→ TRY IT: Without any pictures, retype exactly the lines from the one with "Task Management app graphic design ui" through the final line of the records.

→ RECORDS SUPPLIED:

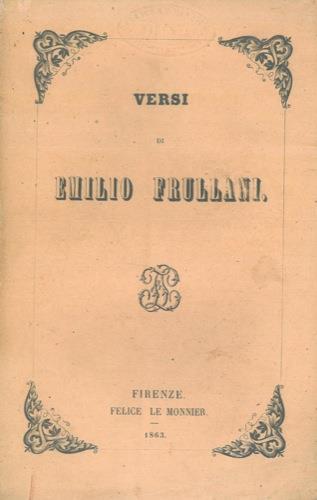 Versi - Emilio Frullani - copertina
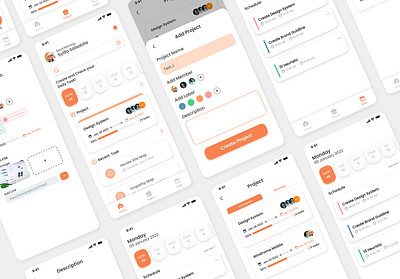 Task Management app graphic design ui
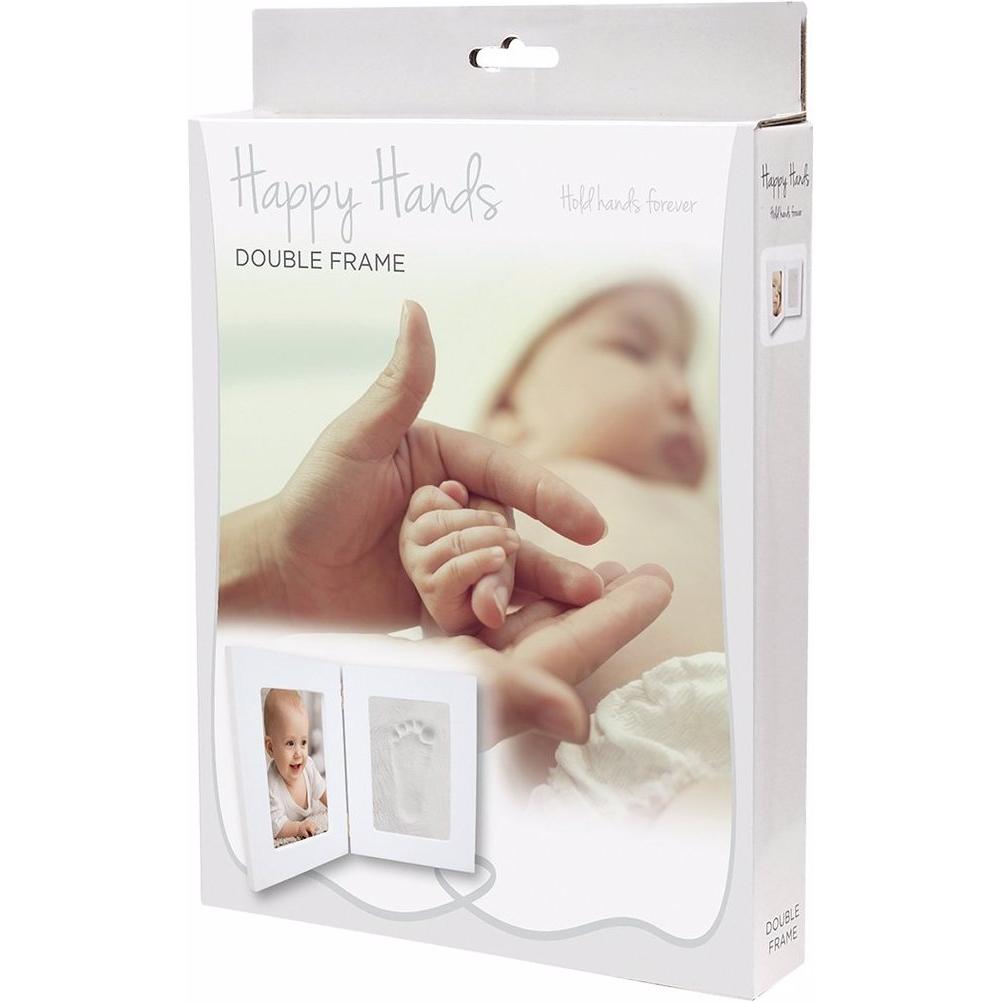Thumbnail - Dooky, Babyerinnerungen, Happy Hands Abdruckset Double Frame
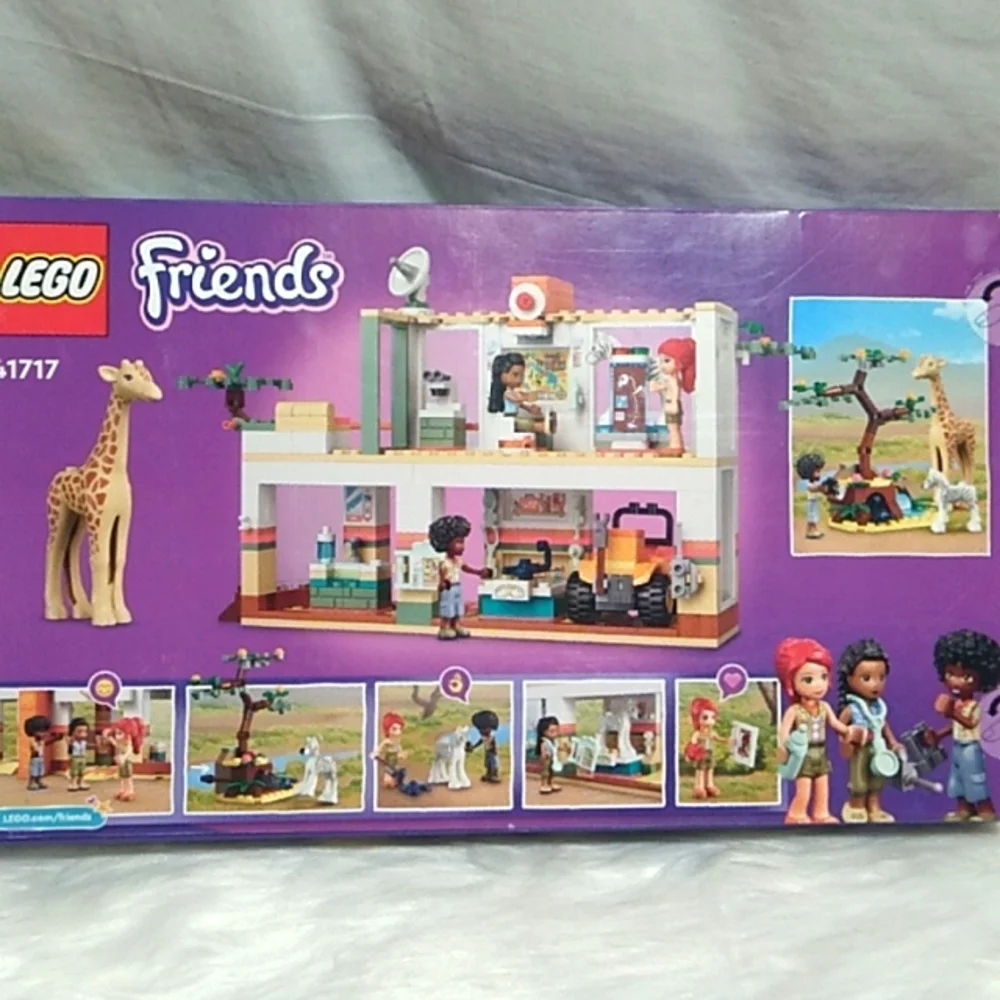 NWT Lego Friends 7+ 41717 Mia's Wildlife Rescue 430 pcs Building Toy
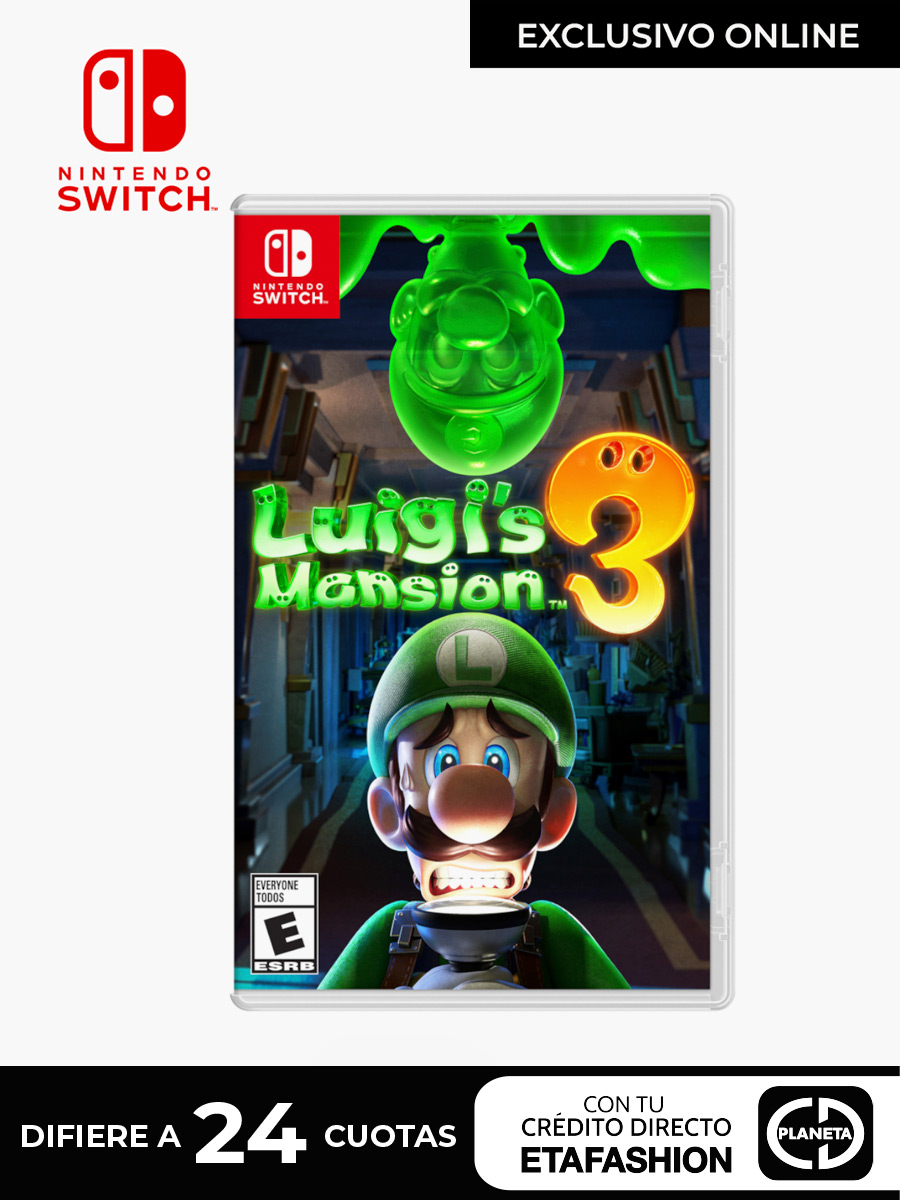 Juego De Video Nintendo <em class="search-results-highlight">Switch</em> Luigis Mansión 3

→ OUTPUT OF THE EXERCISE:
 Task Management app graphic design ui
Thumbnail - Dooky, Babyerinnerungen, Happy Hands Abdruckset Double Frame
 NWT Lego Friends 7+ 41717 Mia's Wildlife Rescue 430 pcs Building Toy
 Juego De Video Nintendo <em class="search-results-highlight">Switch</em> Luigis Mansión 3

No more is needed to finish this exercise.